North Carolina Subscriber
Answer: First, make sure you-re using HCPCS Level II care plan oversight (CPO) codes, not CPT codes (99374-99380). Medicare pays for CPO using G0181 (Physician supervision of a patient receiving Medicare-covered services provided by a participating home health agency [patient not present] requiring complex and multidisciplinary care modalities involving regular physician development and/or revision of care plans, review of subsequent reports of patient status, review of laboratory and other studies, communication [including telephone calls] with other healthcare professionals involved in the patient's care, integration of new information into the medical treatment plan and/or adjustment of medical therapy, within a calendar month, 30 minutes or more) and G0182 (describes the same service for a patient in a Medicare-approved hospice).

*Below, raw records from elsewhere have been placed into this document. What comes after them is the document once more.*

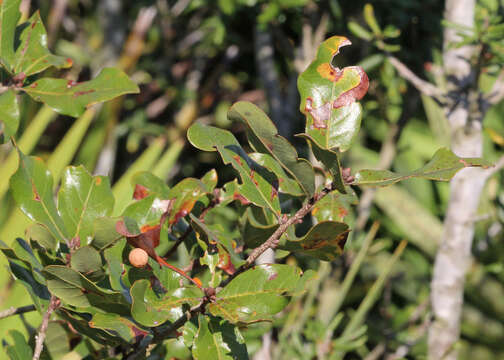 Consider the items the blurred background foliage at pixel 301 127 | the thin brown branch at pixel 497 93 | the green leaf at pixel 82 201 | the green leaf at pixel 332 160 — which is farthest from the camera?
the blurred background foliage at pixel 301 127

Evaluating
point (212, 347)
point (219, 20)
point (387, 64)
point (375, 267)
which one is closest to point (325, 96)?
point (212, 347)

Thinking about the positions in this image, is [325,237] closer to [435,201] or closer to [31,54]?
[31,54]

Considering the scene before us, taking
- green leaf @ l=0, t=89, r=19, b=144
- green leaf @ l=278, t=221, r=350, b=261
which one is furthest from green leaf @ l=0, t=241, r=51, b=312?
green leaf @ l=278, t=221, r=350, b=261

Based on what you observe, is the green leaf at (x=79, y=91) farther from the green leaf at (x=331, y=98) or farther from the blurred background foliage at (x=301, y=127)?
the blurred background foliage at (x=301, y=127)

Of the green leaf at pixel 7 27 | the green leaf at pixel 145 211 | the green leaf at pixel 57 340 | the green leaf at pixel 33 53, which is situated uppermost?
the green leaf at pixel 7 27

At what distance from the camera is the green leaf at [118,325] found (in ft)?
1.32

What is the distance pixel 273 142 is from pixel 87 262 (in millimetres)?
177

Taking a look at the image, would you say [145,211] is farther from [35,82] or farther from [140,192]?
[35,82]

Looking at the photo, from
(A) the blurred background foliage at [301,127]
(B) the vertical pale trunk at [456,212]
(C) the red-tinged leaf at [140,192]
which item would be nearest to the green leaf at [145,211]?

Major problem: Medicare may be denying your otolaryngologist's CPO because she didn't fulfill this requirement: The physician who bills for the CPO must be the same physician who signed the certification and created the plan of care for the home health agency or hospice in the first place. Your otolaryngologist probably did not admit the patient into the facility and create the initial care plan.
Best bet: The otolaryngologist should consider seeing the patient and using a nursing facility code (99307-99310, Subsequent nursing facility care, per day, for the evaluation and management of a patient ...) or inpatient consultation (such as 99251-99255, Inpatient consultation for a new or established patient -). Both of these services require the physician to provide face-to-face contact with the patient.